Quell’abito del tradimento ai tempi dell’apartheid

Il regista Peter Brook, con semplicità e leggerezza affronta il dramma di una coppia sconvolta da una relazione extraconiugale di lei. L'incapacità di perdono si esplicita in punizioni psicologiche che portano ad un epilogo tragico, dove le scuse arrivano troppo tardi. Scenario è un sobborgo di Johannesburg
The suit di Peter Brook

"Coltivare la semplicità", consigliava il poeta e drammaturgo inglese Charles Lamb. Un precetto che si addice pienamente al regista Peter Brook. Sappiamo che, questo sapiente artigiano del teatro ha sempre dimostrato quanta ricchezza si possa trasmettere con la semplicità. Nel corso degli anni ha focalizzato sempre di più la sua attenzione sull’essenza della messinscena e del racconto, regalandoci spettacoli di grande magia alternati ad altri meno ammalianti.

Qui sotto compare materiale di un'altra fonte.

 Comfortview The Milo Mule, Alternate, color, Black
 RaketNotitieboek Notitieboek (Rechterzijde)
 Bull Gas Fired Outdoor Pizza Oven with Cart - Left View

Torna a emozionarci, tra risate e lacrime, con The Suit (spettacolo già allestito in francese col titolo Le costume), ispirato da un romanzo del 1950 dello scrittore sudafricano Can Themba (1924-1968), performance definita dallo stesso regista pièce en musique. In scena due appendiabiti utilizzati come finestre, armadi, porte e bus, tra sedie colorate che servono a delimitare diversi ambienti. Tre musicisti sono impegnati in alcuni ruoli, accanto a tre straordinari attori neri. Dentro una trama da vaudeville riecheggiano temi sociali che evocano l’inizio dell'apartheid situato a Sophiatown, cittadina a ovest di Johannesburg che sarà cancellata dalle ruspe dei bianchi con il trasferimento di migliaia di persone in zone più favorevoli alle azioni di polizia.

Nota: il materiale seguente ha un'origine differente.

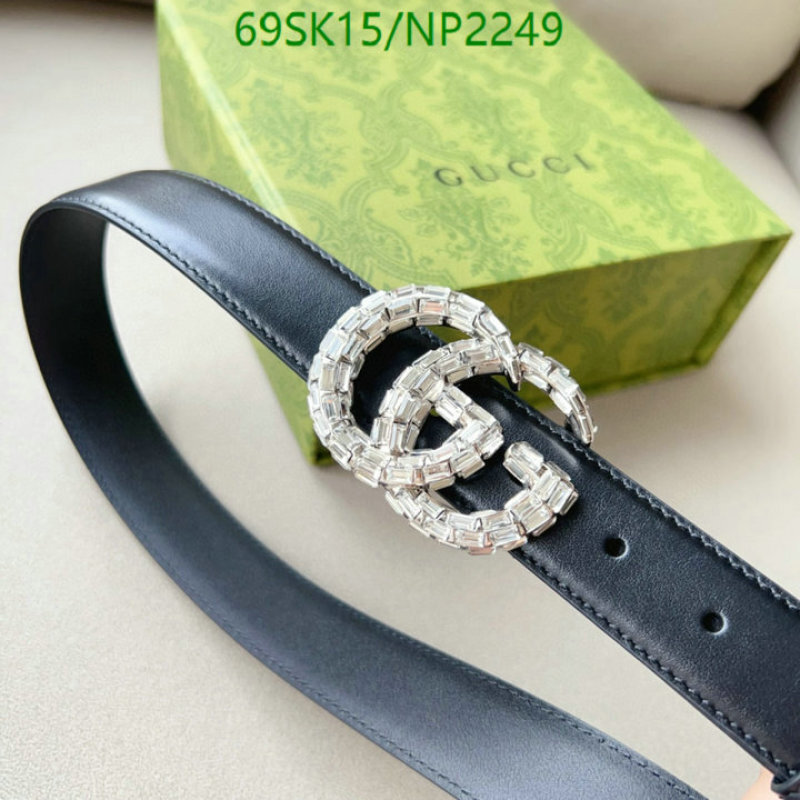 Gucci-Belts Code: NP2249 $: 69USD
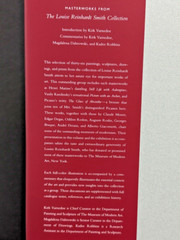 VTG Masterworks from the Louise Reinhardt Smith Collection MOMA 1995 HARDBACK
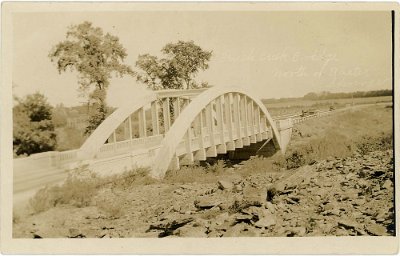 19xx Rainbow bridge aka Brush Creek Bridge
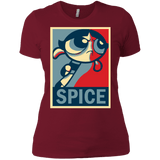 T-Shirts Scarlet / X-Small Spice Powerpuff Women's Premium T-Shirt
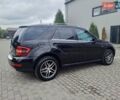 Чорний Мерседес М-Клас, об'ємом двигуна 3 л та пробігом 212 тис. км за 20500 $, фото 19 на Automoto.ua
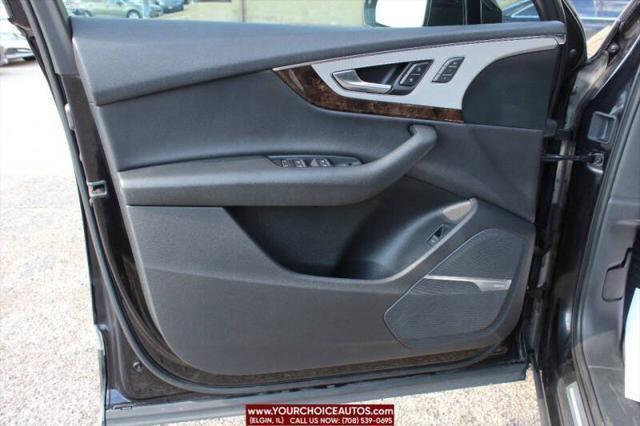 used 2018 Audi Q7 car, priced at $14,977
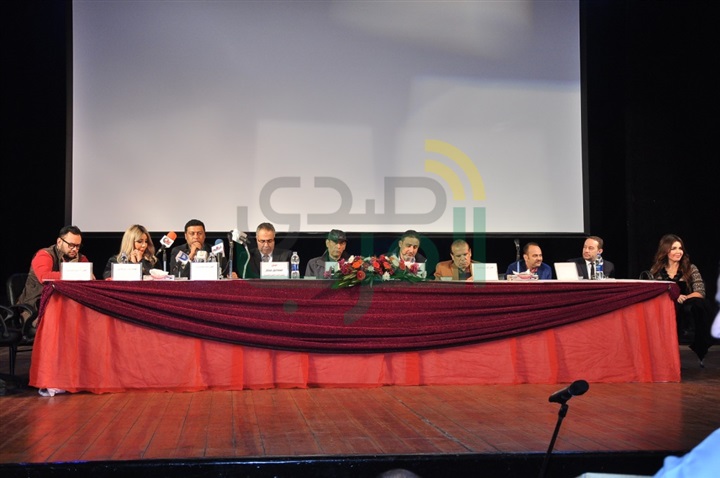 بالصور.. مؤتمر صحفى للإعلان عن العرض المسرحى "فرصة سعيدة" بالصور.. مؤتمر صحفى للإعلان عن العرض المسرحى "فرصة سعيدة"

La storia, con umorismo e ironia iniziale, racconta di una giovane coppia, Filemone e Matilda, felicemente sposati, la cui vita improvvisamente sarà stravolta quando un giorno il marito scopre che la moglie ha una relazione con un altro uomo. Li coglie in flagrante. L’amante riesce a fuggire, ma lascia nella stanza il suo vestito. Sconvolto, ma senza usare nessun tipo di violenza, Filemone impone una punizione crudele: l’abito dell'amante dovrà rimanere in casa sempre in mostra, e sedere pure a tavola con loro, in modo da essere sempre ricordato. Per Matilda è l'inizio dell'inferno, e il suo sofferto desiderio di perdono si scontrerà con l’intransigente severità del marito.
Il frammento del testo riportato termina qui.